Chinook Therapeutics Announces Update on Non-Renal Legacy Programs from Aduro Biotech Merger

Van Herk Investments to Form and Invest in Sairopa, a New Company Focused on Research and Development of B-Select Monoclonal Antibody Platform Programs

VANCOUVER, British Columbia and SEATTLE, April 05, 2021 (GLOBE NEWSWIRE) — Chinook Therapeutics, Inc. (NASDAQ: KDNY), a biopharmaceutical company focused on the discovery, development and commercialization of precision medicines for kidney diseases, today announced a transaction with Van Herk Investments, a leading European life science investor, to create and fund a new company called Sairopa, with a pipeline focused on research and development of non-renal monoclonal antibodies generated through Aduro Biotech’s B-Select platform. Chinook will own approximately 40 percent of Sairopa after the first tranche of financing from Van Herk and have one seat on Sairopa’s Board of Directors.
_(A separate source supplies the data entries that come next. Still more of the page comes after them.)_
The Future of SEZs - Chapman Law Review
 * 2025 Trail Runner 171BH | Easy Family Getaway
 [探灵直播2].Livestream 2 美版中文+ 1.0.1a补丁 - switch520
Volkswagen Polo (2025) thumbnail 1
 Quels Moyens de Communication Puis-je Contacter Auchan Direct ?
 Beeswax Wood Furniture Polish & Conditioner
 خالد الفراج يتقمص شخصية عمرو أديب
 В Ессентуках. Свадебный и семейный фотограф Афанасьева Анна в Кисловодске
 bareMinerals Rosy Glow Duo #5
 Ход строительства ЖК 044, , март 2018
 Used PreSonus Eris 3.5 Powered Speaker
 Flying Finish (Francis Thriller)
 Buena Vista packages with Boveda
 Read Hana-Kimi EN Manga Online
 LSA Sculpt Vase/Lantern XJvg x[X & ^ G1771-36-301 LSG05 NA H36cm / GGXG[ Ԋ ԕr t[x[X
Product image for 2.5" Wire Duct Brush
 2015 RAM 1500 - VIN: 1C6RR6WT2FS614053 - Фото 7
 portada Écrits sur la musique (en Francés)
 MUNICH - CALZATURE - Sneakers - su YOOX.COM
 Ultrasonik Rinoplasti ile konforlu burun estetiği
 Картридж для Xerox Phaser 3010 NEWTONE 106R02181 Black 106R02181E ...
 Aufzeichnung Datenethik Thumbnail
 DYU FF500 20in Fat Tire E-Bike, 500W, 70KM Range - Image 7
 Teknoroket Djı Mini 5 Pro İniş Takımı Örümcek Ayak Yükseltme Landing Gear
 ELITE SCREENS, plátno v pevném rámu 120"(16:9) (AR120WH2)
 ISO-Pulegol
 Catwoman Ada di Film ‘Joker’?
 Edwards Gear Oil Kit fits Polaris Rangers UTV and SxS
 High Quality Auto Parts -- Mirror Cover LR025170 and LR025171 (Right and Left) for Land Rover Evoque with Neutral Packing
“We are pleased to partner with Van Herk to form Sairopa to continue advancing the non-renal antibody programs we acquired through the Aduro Biotech merger last year,” said Tom Frohlich, chief business officer of Chinook. “Van Herk is a well-respected investment firm, and we are confident they will marshal the capital, talent and resources to develop these programs, while Chinook focuses on continuing to advance its kidney disease pipeline.”

As part of the merger, Chinook also assumed Aduro’s collaboration and license agreements with Novartis Pharmaceuticals Corporation (Novartis), Eli Lilly and Company (Lilly) and Merck Sharpe & Dohme Corp. (Merck). Novartis recently notified Chinook that it has discontinued development of the final STING pathway activation program under the collaboration, and as a result, has provided notice of termination of the Novartis collaboration and license agreement.

About the CVR Structure

Through the merger with Aduro Biotech, Aduro’s common stockholders of record as of the close of business on October 2, 2020 received one CVR for each outstanding share of Aduro common stock held on that date. Each CVR represents the contractual right to receive payments from Chinook as a result of any proceeds received for the sale, license, transfer or disposition of Aduro’s non-renal assets during the six months following the close of the merger, net of any tax, transaction costs and other expenses, for a period of up to ten years following closing of the merger.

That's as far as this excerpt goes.